Tim Prancis mengajukan tawaran yang terlambat untuk mencoba mengamankan jasa Carlos Sainz untuk tahun depan saat mereka berusaha untuk naik ke grid Formula 1, demikian yang diketahui oleh Motorsport.com.

Ketika tampaknya Sainz hanya memiliki pilihan antara Williams dan Sauber/Audi di grid tahun depan, sumber-sumber telah mengungkapkan bahwa pembicaraan serius telah meningkat dengan Alpine.

Bahkan, ada yang mengatakan bahwa tawaran kontrak menarik telah dibuat untuk Sainz agar ia mau berkomitmen dengan tim tersebut.

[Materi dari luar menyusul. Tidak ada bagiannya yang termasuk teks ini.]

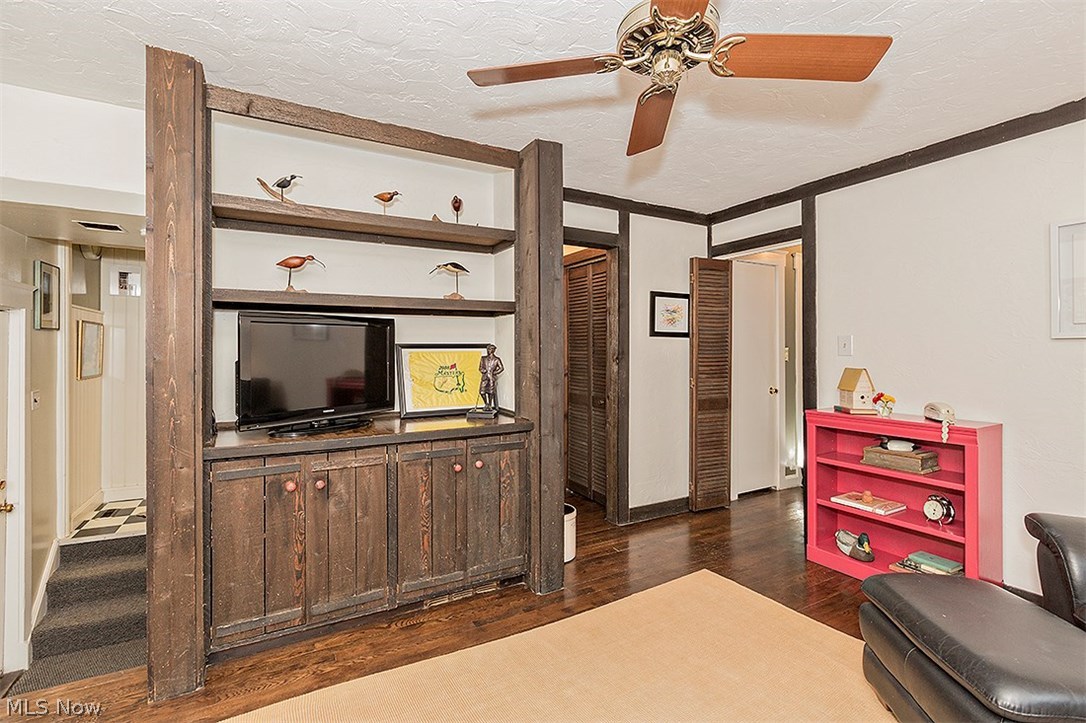 4110 Lander Road Chagrin Falls, OH 44022 - Photo 19 of 33 Gallery Image 19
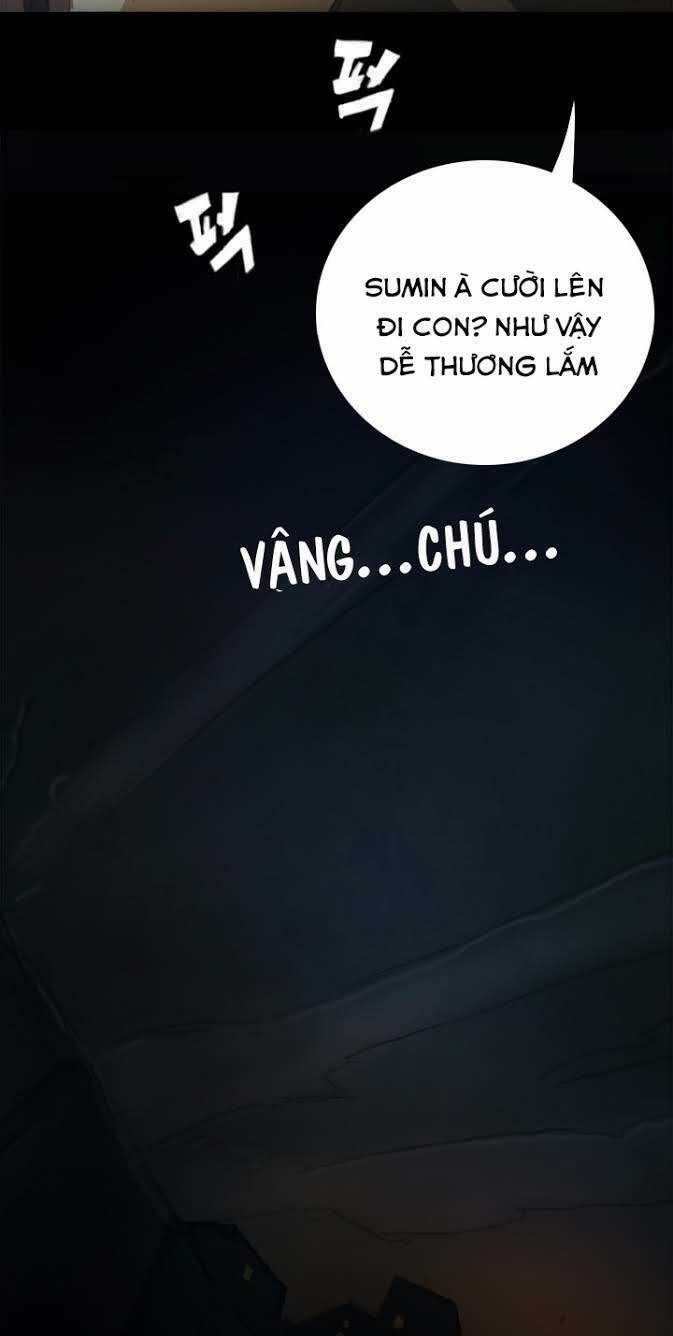 đọc truyện Đèn Đỏ Chương 5 ảnh 5 tại Giả Dược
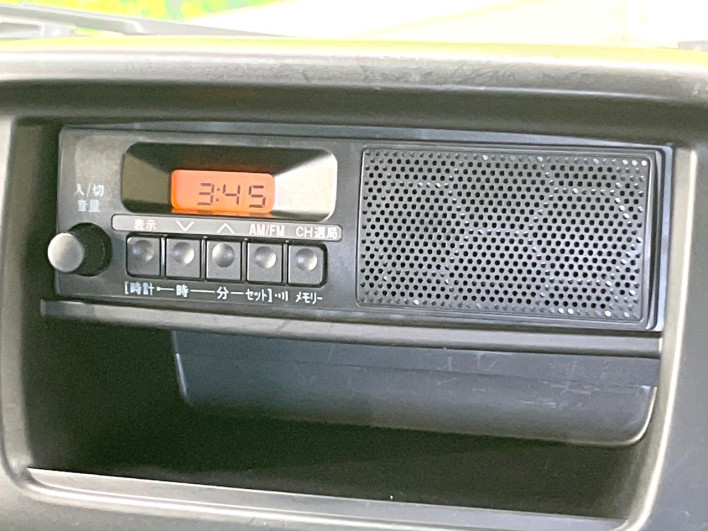 2023 Suzuki Every Wayout 5BD-DA17V (UW-6a0d25ade7839)[29]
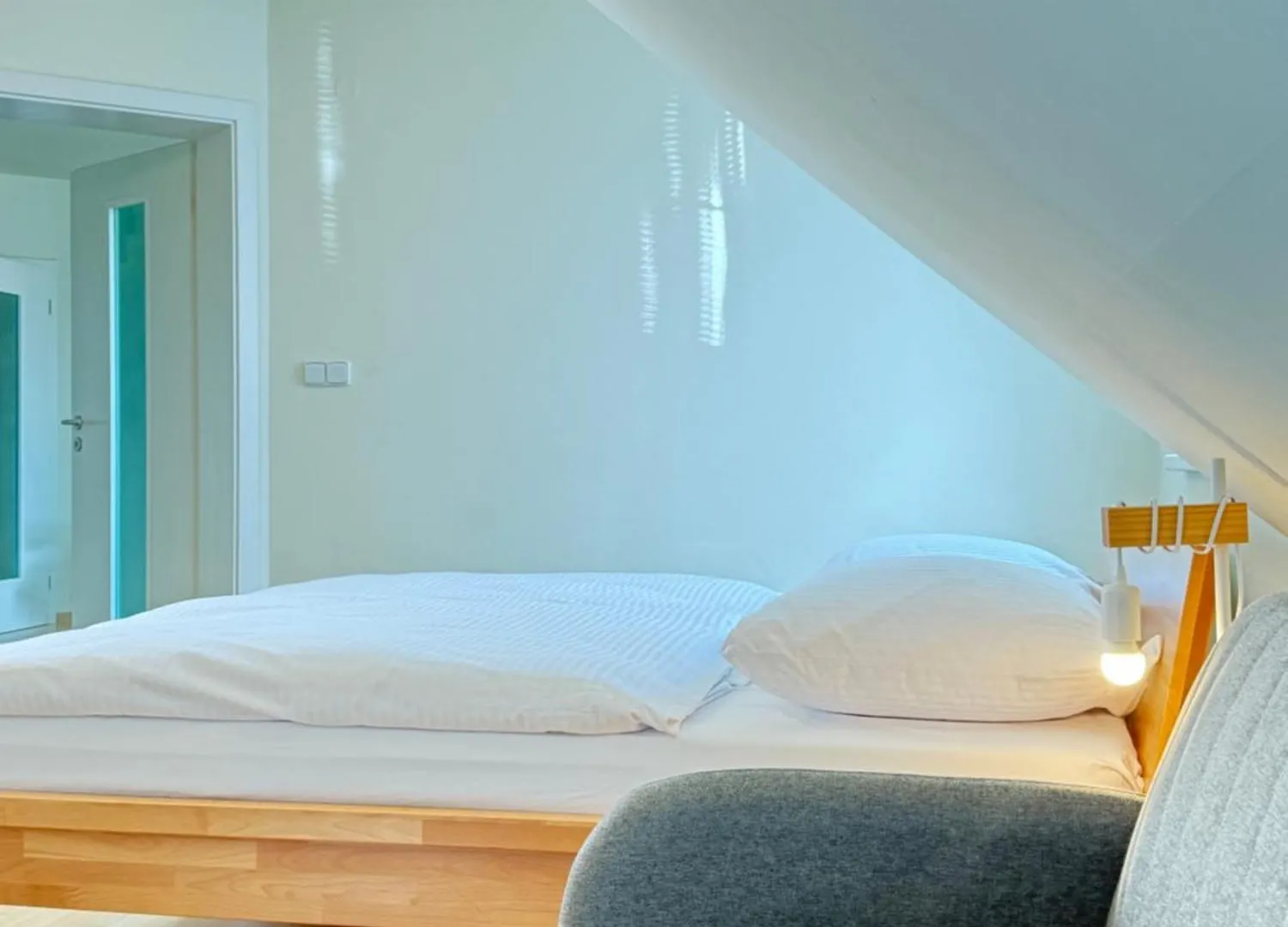 Diamondvilla, 4 Bedroom Apartment, Garden & Spa Prague Apartment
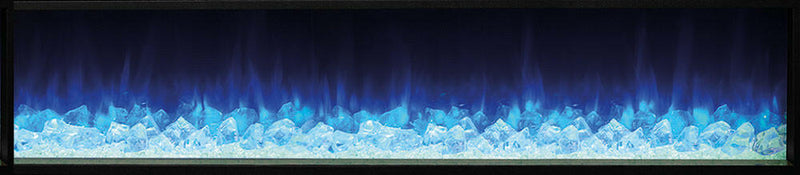 Load image into Gallery viewer, Regency Fireplaces, Regency Fireplaces Mississauga, Regency Fireplaces Toronto fireplace mississauga.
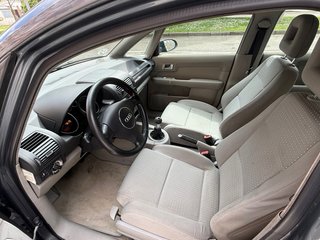 Audi A2 EMBRAGUE NUEVO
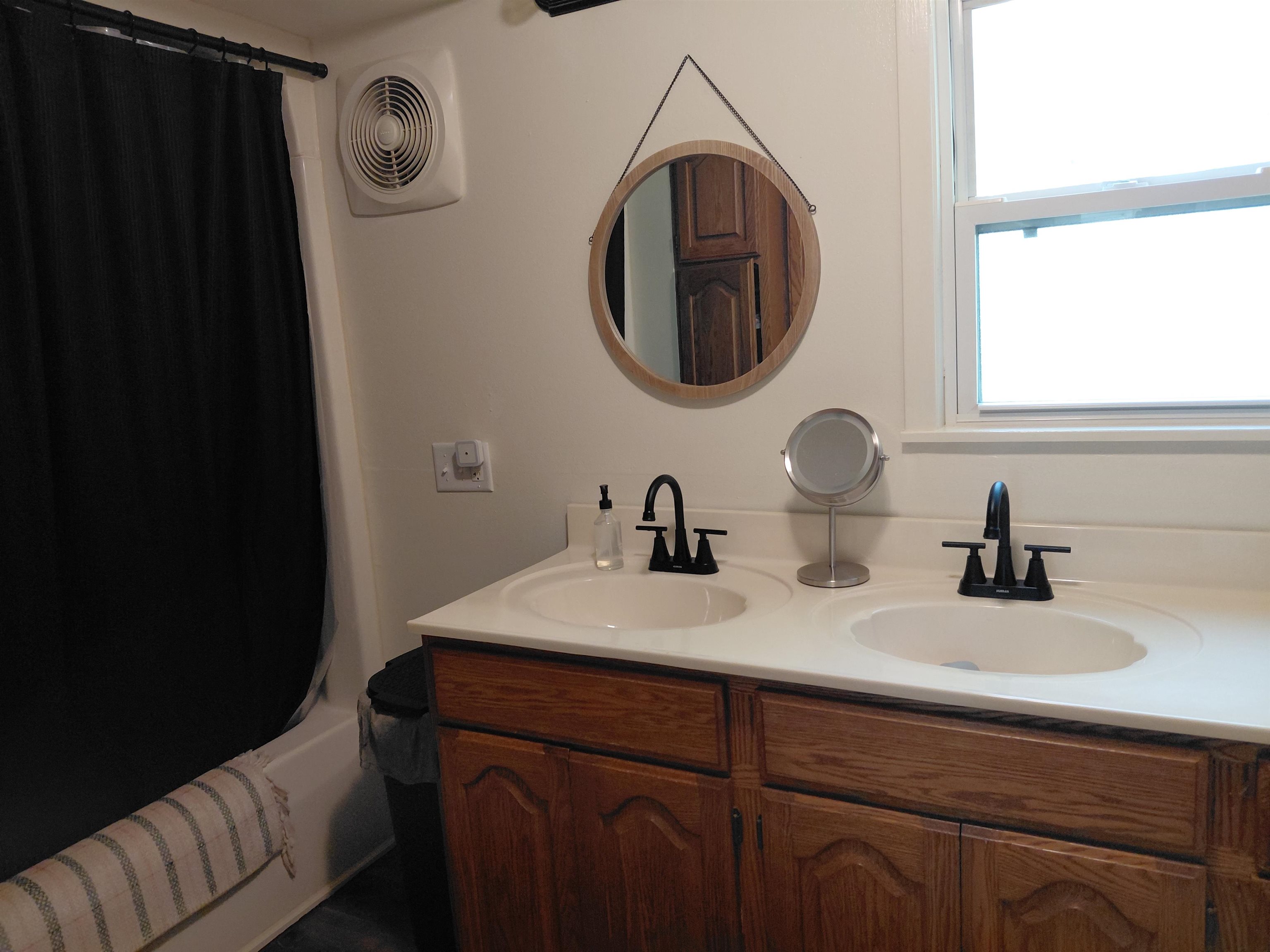 5801 Ferge Street Schofield, WI 54476 - Photo 10 of 27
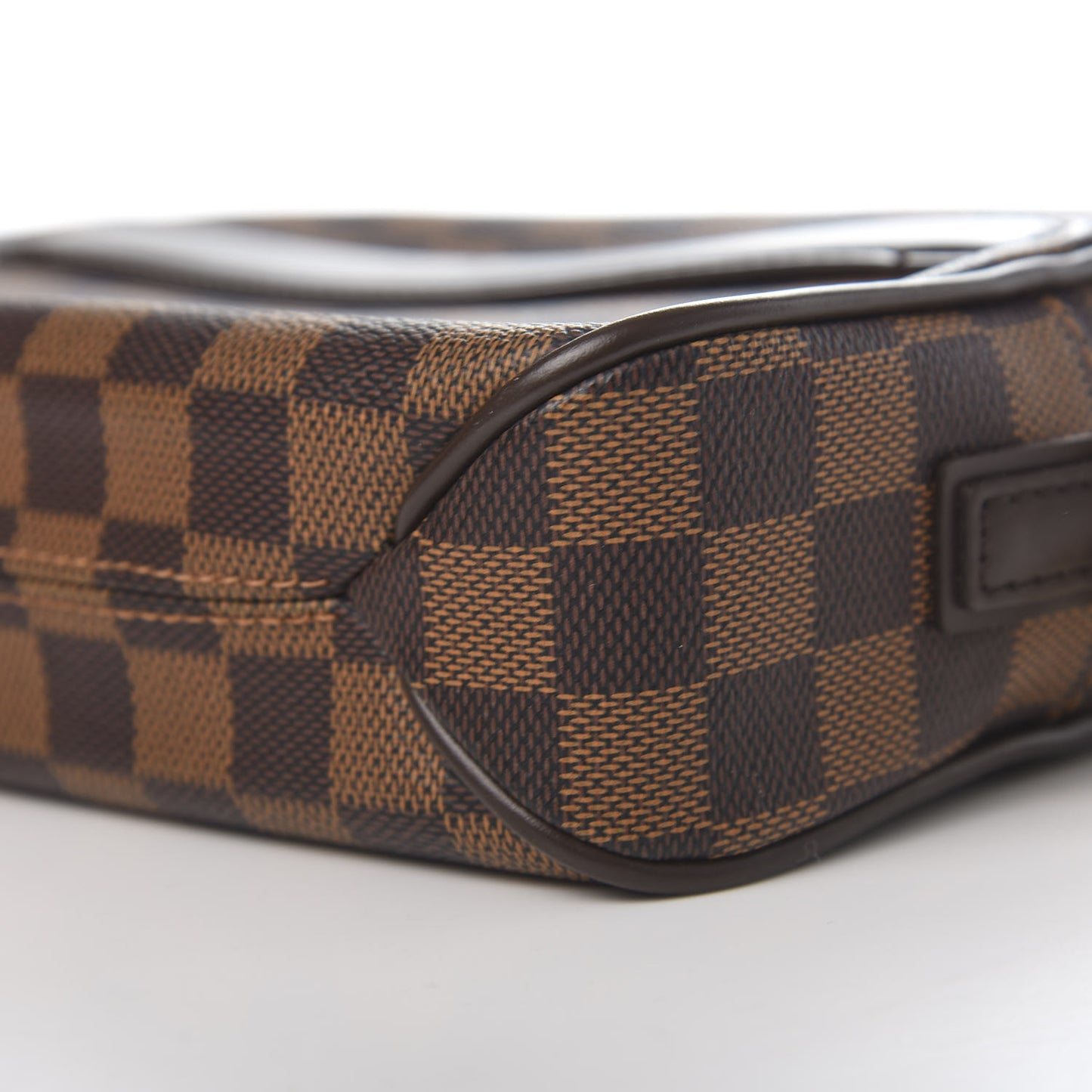 Damier Ebene Saint Paul Pochette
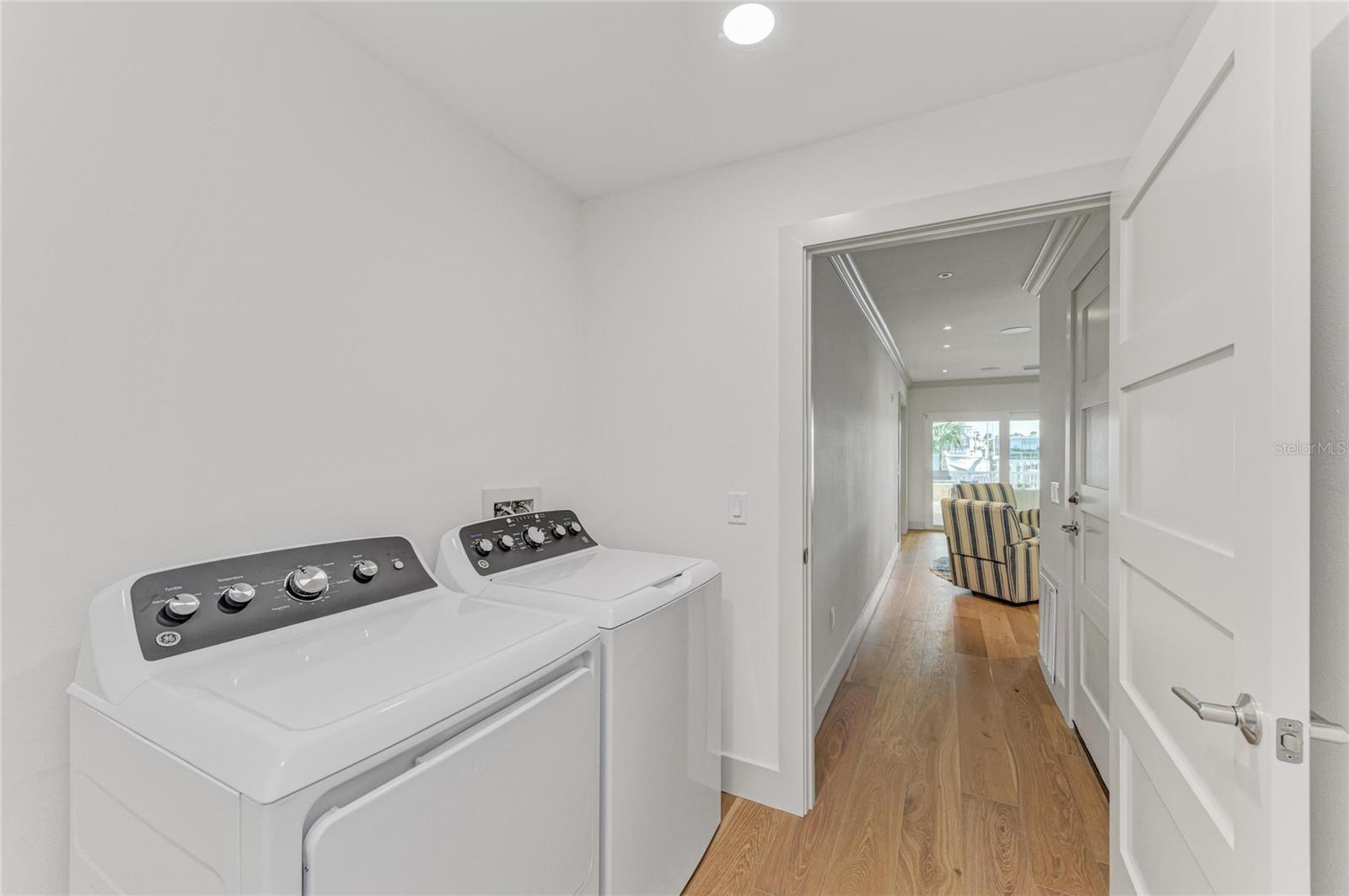 A4670953 Property Photo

Jika beberapa bulan yang lalu, opsi Alpine mungkin tidak terlalu menarik, dengan awal musim sulit dan membuat A524 berada di posisi buncit, kini semuanya berbeda.

Baca Juga:

Pada Grand Prix Spanyol akhir pekan lalu, kedua pembalapnya, Pierre Gasly dan Esteban Ocon, berhasil lolos ke Q3 dan masing-masing finis di urutan kesembilan dan ke-10 untuk mengamankan dua poin.

Untuk kedua kalinya secara beruntun Alpine membawa pulang poin untuk kedua pembalapnya, yang juga terjadi di Kanada, dan ini adalah balapan ketiga berturut-turut yang berhasil finis di posisi sepuluh besar.

Performa ini berbeda dengan apa yang dialami oleh pilihan lain Sainz dalam beberapa balapan terakhir.

Sauber, yang menjadi tim Audi pada tahun 2026, belum meraih satu poin pun musim ini dengan hasil terbaik tim adalah posisi ke-11 dari Grand Prix Bahrain yang menjadi pembuka musim.

 Dan sementara Williams memiliki dua poin atas namanya, berkat posisi kesembilan Alex Albon di Grand Prix Monako, tim ini mengalami dua kali retired di Kanada dan tampil kurang baik di Spanyol dengan hanya menempati P18 dan P20.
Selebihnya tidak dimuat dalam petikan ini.